┌─ Material supplied

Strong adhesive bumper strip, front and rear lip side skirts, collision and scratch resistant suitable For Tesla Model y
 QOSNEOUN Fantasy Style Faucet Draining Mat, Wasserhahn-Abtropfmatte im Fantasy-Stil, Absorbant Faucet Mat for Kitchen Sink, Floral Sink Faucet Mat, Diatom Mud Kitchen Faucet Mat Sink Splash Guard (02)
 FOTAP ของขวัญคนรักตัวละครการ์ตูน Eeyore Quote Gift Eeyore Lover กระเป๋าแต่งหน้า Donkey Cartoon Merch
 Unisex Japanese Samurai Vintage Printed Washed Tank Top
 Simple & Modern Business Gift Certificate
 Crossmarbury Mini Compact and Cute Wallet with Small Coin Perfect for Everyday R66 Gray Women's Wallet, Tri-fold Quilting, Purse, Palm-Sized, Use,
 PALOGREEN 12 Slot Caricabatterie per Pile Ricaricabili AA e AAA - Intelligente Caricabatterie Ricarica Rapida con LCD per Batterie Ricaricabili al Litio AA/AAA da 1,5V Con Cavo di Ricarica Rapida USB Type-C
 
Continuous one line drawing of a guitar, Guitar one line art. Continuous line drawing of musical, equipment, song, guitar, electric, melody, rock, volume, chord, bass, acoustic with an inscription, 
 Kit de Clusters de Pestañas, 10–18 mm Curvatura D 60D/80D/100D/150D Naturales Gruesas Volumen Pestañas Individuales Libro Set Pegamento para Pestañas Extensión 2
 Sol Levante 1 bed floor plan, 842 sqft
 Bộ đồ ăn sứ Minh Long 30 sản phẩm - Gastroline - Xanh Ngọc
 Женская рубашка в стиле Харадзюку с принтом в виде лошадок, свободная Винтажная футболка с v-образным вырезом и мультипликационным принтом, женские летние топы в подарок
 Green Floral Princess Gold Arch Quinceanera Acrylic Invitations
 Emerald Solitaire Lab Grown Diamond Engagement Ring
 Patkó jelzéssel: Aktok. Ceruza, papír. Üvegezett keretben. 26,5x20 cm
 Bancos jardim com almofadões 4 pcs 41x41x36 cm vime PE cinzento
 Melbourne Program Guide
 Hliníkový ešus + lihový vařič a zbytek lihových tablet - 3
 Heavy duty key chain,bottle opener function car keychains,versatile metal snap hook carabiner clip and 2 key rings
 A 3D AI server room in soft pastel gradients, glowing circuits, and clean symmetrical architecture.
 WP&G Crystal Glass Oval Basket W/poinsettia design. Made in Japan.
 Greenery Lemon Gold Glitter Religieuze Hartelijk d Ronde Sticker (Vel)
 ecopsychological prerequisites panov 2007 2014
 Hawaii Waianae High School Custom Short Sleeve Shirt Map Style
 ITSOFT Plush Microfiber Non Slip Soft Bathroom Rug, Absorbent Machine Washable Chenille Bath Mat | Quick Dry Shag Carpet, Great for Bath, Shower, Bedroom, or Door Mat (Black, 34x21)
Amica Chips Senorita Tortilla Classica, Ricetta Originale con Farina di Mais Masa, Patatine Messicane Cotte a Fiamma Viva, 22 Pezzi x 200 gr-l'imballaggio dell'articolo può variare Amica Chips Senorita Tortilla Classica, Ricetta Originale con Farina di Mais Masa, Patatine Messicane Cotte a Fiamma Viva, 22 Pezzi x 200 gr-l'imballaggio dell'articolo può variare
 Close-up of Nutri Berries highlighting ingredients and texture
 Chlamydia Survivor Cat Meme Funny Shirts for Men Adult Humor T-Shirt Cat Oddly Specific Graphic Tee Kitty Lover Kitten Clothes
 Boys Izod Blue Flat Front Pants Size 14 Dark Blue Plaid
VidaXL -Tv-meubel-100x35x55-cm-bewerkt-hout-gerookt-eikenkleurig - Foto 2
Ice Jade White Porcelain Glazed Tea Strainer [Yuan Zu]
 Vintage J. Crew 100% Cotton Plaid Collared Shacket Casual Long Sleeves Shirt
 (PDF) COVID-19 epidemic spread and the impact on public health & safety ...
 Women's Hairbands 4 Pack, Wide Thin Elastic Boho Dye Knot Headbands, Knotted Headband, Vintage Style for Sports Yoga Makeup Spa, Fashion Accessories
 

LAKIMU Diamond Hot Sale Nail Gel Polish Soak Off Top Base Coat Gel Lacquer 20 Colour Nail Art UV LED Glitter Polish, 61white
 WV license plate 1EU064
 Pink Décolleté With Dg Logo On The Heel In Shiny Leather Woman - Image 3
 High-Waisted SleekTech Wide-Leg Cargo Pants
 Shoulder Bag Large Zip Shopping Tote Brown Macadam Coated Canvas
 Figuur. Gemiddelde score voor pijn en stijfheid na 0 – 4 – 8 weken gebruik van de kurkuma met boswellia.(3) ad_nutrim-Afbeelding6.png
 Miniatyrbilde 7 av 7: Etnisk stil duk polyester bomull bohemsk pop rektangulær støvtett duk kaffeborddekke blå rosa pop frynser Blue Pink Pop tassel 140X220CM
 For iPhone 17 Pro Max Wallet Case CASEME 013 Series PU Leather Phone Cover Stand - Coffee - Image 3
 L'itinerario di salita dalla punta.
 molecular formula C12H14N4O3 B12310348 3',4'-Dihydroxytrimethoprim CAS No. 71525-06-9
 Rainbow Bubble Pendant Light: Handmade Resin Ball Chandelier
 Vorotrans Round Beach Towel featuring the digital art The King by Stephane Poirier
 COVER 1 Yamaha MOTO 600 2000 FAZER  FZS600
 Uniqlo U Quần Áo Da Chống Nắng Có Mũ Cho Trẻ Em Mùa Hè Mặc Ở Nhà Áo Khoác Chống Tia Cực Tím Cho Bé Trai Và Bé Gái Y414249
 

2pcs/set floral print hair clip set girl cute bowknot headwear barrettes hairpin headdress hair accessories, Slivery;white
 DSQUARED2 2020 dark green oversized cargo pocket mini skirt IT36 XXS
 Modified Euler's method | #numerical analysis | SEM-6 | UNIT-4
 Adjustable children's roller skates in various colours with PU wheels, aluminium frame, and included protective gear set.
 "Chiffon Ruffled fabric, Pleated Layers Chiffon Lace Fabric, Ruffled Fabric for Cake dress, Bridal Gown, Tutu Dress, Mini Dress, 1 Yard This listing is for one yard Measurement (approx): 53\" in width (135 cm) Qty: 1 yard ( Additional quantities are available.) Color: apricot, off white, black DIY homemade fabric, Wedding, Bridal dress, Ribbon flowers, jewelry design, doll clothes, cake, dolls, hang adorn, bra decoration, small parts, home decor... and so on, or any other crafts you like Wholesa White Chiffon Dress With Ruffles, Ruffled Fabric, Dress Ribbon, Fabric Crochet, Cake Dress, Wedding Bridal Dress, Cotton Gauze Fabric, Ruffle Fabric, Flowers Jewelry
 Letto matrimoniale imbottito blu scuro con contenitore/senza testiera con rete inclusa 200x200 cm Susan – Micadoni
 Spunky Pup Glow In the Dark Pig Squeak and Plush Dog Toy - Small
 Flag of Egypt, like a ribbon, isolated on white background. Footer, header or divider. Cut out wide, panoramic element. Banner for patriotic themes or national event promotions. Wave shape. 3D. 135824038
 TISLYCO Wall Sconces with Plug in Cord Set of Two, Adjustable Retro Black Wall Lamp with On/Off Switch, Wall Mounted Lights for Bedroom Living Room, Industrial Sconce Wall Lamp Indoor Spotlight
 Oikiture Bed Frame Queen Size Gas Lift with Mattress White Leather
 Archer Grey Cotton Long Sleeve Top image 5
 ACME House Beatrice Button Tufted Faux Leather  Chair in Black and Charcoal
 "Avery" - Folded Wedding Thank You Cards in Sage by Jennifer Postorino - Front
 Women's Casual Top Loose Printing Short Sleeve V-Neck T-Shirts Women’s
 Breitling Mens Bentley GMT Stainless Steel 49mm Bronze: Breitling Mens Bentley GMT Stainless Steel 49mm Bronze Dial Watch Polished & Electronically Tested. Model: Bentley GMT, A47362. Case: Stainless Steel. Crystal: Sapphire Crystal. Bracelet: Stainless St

└─

■ **Exercise goal**
For the word "Leather", please say how many lines in the entries hold it, with only the number as the reply.

■ **Output below**
4